This new redevelopment in Hubei Old Village, will become one of China’s most prized architectural accomplishments, a visual spectacle, which pays homage to the economic miracle that is Shenzhen, as the city which led China to its new position as a global economical and technological power. If measured by economical and industrial standards, it is a city which is unarguably the most successful and most rapidly transformed in the world. Within four decades, the small peasant fishing village metamorphosed into a leading global manufacturer, producer and exporter of goods, providing electronics, toys, machinery, furniture and plastics to countries across the world.
This transformation is a direct outcome of the economic reforms cultivated by former paramount leader, Deng Xiaoping. Deng knew that economic growth was intrinsically linked with global trade and cultivating relationships with foreign governments was essential to China’s growth, so in 1978, he sent a number of Chinese delegates around the world to learn how other countries were managing their own economic models. By 1979 they presented to the CPC the concept of the Special Economic Zone (SEZ); a free trade zone with loose regulations, special tax incentives and simple custom procedures with minimal intervention from central government. Based upon the Shannon Free Trade Zone in Ireland, the SEZ model rolled out to 4 strategically based cities in China, and Shenzhen was its third, thus beginning the opening up of China to the rest of the world in 1986, as a global import/export trader.

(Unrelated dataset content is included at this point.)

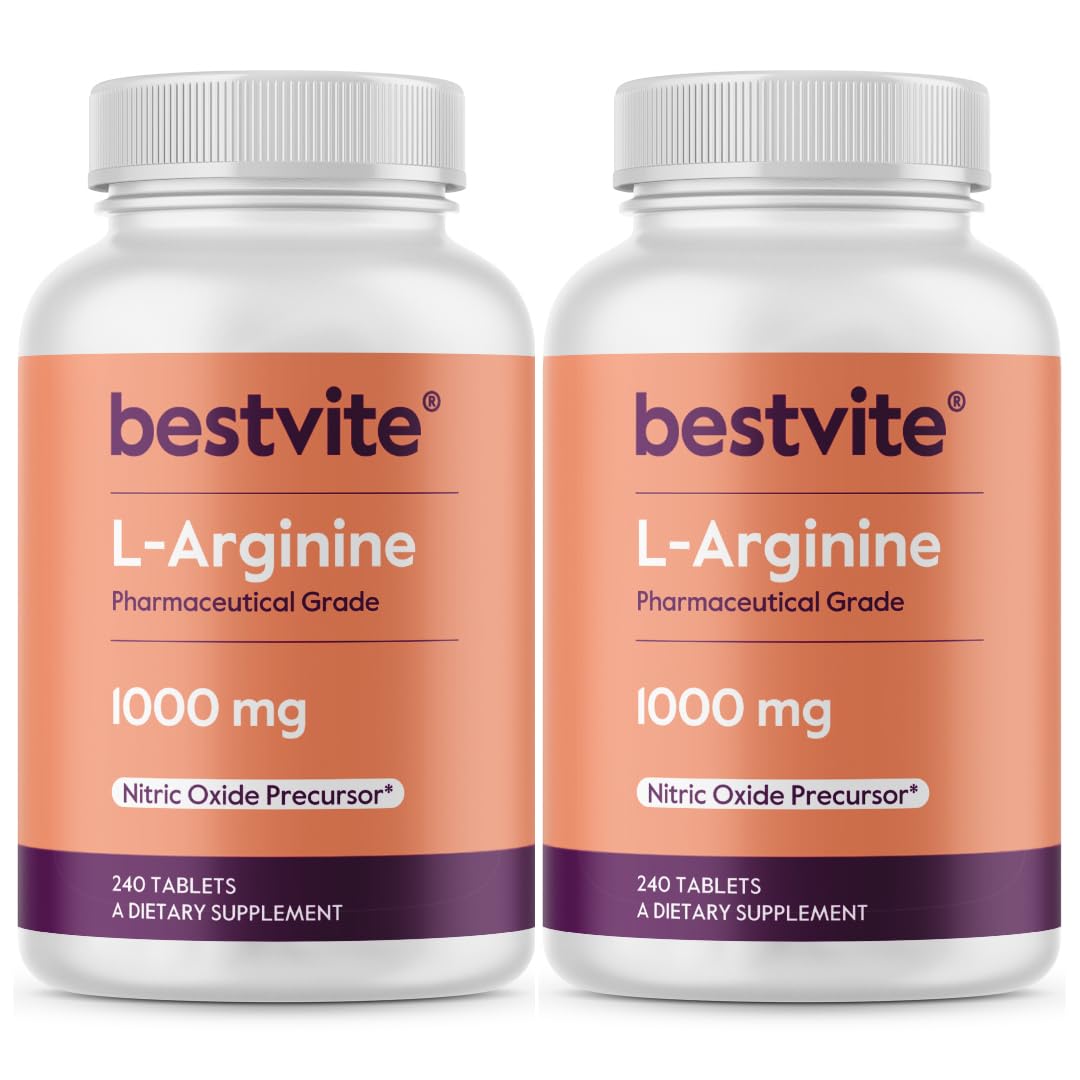 BESTVITE L-Arginine 1000mg per Tablet (480 Tablets) (240 x 2) 240 Count (Pack of 2)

Hong Kong at the time, which was close to the border of Shenzhen, was already beginning to shut down its manufacturing sector, leaving Shenzhen, readily available to take on the work. With the SEZ model, the city could offer investors lower tax rates, global export/import routes through Shekou Port and Shenzhen Airport, as well as a mass, low-income workforce who were ready and eager for work. The increase of factories led to the creation of millions of jobs, thus attracting farmers and rural peasants from the nearby countryside to look for work within Shenzhen. These workers required urgent accommodation, so the CPC encouraged Shenzhen’s local peasants to transform their small properties into apartment blocks to house the increasing swathes of migrant workers. The CPC incentivised the peasants by giving them back the leases to their land, and promised them that the profits that they’d make would be theirs to keep. My Aunt and Nan along with their neighbours, set upon this opportunity by collecting sand from the nearby mountains to make concrete, which they poured into hand-dug ditches to set foundations for 6-7 story flats (these flats were later coined as wosholou or handshake buildings due to their close proximity to the adjacent flats next door.) The flats elevated the fortunes of my family and their neighbours, transforming their lives from subsistence farmers into landlords with a steady and consistent income. The ancient Hubei Old Village became a bustling neighbourhood, hosting grocers, cafes, bakeries, merchants, food vendors, and providing residency for many thousands of rural migrants in the centre of the city.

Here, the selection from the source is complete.